Ventitré giorni dopo, una certezza grava su Antonio Di Maio, ma le domande continuano ad aleggiare sul figlio, il vicepremier Luigi. Dopo il caso dei due piani tirati su e il condono ottenuto nel 2006, ora il padre del capo del M5s è all’attenzione della Procura di Nola per altri abusi edilizi. Dovrà fornire spiegazioni sulla costruzione dei quattro manufatti a Mariglianella. Così come appare chiaro, oggi, che l’imprenditore e geometra Antonio pagava anche in nero alcuni operai. Restano, invece, da capire alcuni aspetti della gestione dell’impresa edile di famiglia. Proprio su quella società si addensano nodi irrisolti.

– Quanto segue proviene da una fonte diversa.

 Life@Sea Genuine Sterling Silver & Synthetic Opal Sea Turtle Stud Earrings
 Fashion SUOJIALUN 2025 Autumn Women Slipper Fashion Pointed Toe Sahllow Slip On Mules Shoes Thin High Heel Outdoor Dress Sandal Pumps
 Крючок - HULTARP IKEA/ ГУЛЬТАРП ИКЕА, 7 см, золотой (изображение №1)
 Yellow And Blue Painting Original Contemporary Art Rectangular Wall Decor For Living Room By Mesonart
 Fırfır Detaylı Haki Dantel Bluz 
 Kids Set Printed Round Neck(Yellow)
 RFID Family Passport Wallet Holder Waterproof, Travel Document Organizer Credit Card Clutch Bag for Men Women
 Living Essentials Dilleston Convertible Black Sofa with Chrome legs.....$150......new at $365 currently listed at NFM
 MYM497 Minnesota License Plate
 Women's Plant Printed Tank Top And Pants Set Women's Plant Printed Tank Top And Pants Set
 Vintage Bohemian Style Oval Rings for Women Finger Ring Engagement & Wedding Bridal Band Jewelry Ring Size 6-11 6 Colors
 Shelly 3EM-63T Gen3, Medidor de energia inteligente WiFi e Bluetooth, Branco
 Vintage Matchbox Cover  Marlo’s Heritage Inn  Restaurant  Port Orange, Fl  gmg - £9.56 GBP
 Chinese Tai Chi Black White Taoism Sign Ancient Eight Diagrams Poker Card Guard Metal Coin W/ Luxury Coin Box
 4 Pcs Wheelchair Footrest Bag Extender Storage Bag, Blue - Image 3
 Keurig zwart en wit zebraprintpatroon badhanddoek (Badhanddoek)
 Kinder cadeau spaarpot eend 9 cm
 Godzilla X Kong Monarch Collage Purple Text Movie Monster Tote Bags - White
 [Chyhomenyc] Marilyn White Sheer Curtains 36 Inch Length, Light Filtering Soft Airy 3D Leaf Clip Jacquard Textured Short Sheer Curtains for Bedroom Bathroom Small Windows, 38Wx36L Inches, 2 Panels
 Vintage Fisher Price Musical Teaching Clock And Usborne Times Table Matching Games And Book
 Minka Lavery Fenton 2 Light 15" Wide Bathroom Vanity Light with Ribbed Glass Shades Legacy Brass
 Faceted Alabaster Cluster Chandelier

A cominciare dal fatto che Antonio non compare mai formalmente. Dagli atti di una causa di lavoro intentata dall’operaio Mimmo Sposito (ora in appello dopo il rigetto deciso dal primo giudice) emerge che era proprio il capofamiglia Antonio a gestire i cantieri e pagare, anche in nero, gli stipendi. Il geometra Antonio Di Maio rimane al centro dell’attività, anche dopo. Non solo in cantiere. Ma anche in società.. Ma allora perché non ha mai ricoperto ruoli, visto che ha sempre svolto attività edilizia ed è riconosciuto da sempre come imprenditore edile, al punto da essere stato nominato dal Comune di Pomigliano d’Arco come consulente delle commissioni Edilizia e Urbanistica? C’entra qualcosa l’ipoteca per 172 mila euro che pende sulla sua proprietà? Per fugare ogni dubbio, Di Maio sr potrebbe fare chiarezza sulla natura di quel debito. Il caso politico è tutt’altro che chiuso. Lo confermano le dichiarazioni del deputato del Pd, di consolidata osservanza renziana, Luciano Nobili: «Di Maio deve dirci perché se l’azienda è del padre, che continua ancora oggi a gestirla in prima persona, è stata intestata prima alla moglie e ora ai figli. Se Di Maio non se ne occupa, come dice, perché è intestata a lui e perché fa da prestanome al padre?»